This is essentially what the authors of Things set out to study:

how the most complex pattern of emotion and thought can become embedded in and symbolized by concrete things, that is how things themselves are part of the interpretive sign process that constitutes meaning.

They elaborate:

Things actively change the content of what we think is our self and thus perform a creative as well as reflexive function….

Objects affect what a person can do, either by expanding or restricting the scope of that person’s actions and thoughts…. Objects have a determining effect on the development of the self.

According to Burton, Steinbach’s work conjures very similar ideas:

Objects are less about their owners, … and more about the circulations they make…. Objects reflect much of their owners’ beliefs, systems of faith, and measures of value… [and] also produce [them].

The overlap in the ideas between the Things authors, Burton, and Irrational Exuberance are abundant. One of Burton’s paragraphs in particular is especially sociological and psychological:

Our drive to acquire and organize things is, in part, how we understand ourselves. Less a comment on capitalism than an investigation of the production of self, Steinbach’s work acknowledges the fragility of subjecthood—that our funny, fragile egos are bound up in the unexpectedly rich terrain of the knickknacks and bric-a-brac, to say nothing of priceless mementos, we collect and covet.

This is a sequence of ideas that are relevant even line by line. First, she writes,

Our drive to acquire and organize things is, in part, how we understand ourselves. …[Steinbach’s work is] an investigation of the production of self…

This echoes the Things authors:

the potential significance of things is realized in a process of actively cultivating a world of meanings, which both reflect and help create the ultimate goals of one’s existence.

Next, Burton specifies that Steinbach’s work is

Less a comment on capitalism

This, too, came up at the dialogue at Irrational Exuberance (Asst. Colors). Some viewers assumed a negative, oppositional critique on my part where there was none. I embraced the bright colors and cheap materiality as sincere expressions of enthusiasm and pleasure, so this perspective was confounding. Where was it coming from? I had theorized that works of art can operate like barometers for optimism and pessimism, and this seemed further evidence that viewer’s projections are just as integral to the reading of the work as the work itself.

Last, Burton writes

our funny, fragile egos are bound up in the unexpectedly rich terrain of the knickknacks and bric-a-brac

This could very well be a statement for Irrational Exuberance.

The Social Life of Objects

Christine Wong Yap, Irrational Exuberance (Asst. Colors) buttons #1–3, 2010, badges, 1–1.75 inches / 2.5 x 4.5 cm dia. each.

Christine Wong Yap, Irrational Exuberance (Asst. Colors) buttons #1–3, 2010, badges, 1–1.75 inches / 2.5 x 4.5 cm dia. each.

In the study of positive psychology, improving one’s subjective wellbeing seems to always begin with the self and expand towards the social. There seems to be a parallel here: beginning with the habits of mind such as recognition and perception, acknowledging the everyday, and considering the organization of the self, and moving on to relationships.
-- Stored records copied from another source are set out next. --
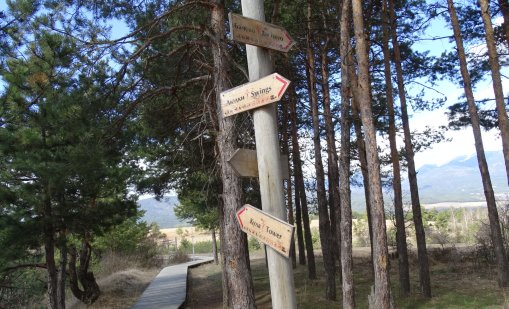 ПСС: В планините е ясно и тихо, възможни са краткотрайни валежи 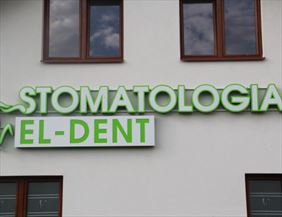 gabinet stomatologiczny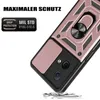 Outdoor Panzer Hülle Motorola Moto G84 Handyhülle mit Produktbild-Vorschau 3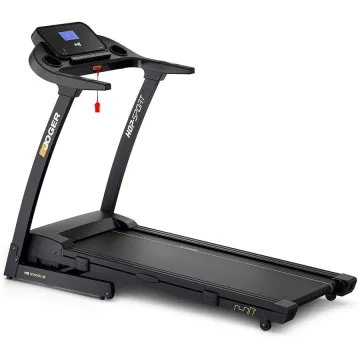 Бігова доріжка Hop-Sport HS-2000LB Joger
In Steinbach’s interview with Huberman, he states

my practice is directly committed to the social.

How is it that inanimate objects can be social? Steinbach suggests how can they not:

There’s always more than one object at hand. Being here means you and here.

Verzotti’s points out the relational aspect of things between people:

Each object is both an object and a sign associated with a specific social dynamic, a token of exchange with we weave our interpersonal relations…

I’d thought about art objects as props that mediate relationships. Now it appears that objects might function similarly.

Christine Wong Yap, a diagram of how artists and viewers inform works of art and thereby mediate relationships between artists and viewers.

Christine Wong Yap, a diagram of how artists and viewers inform works of art and thereby mediate relationships between artists and viewers.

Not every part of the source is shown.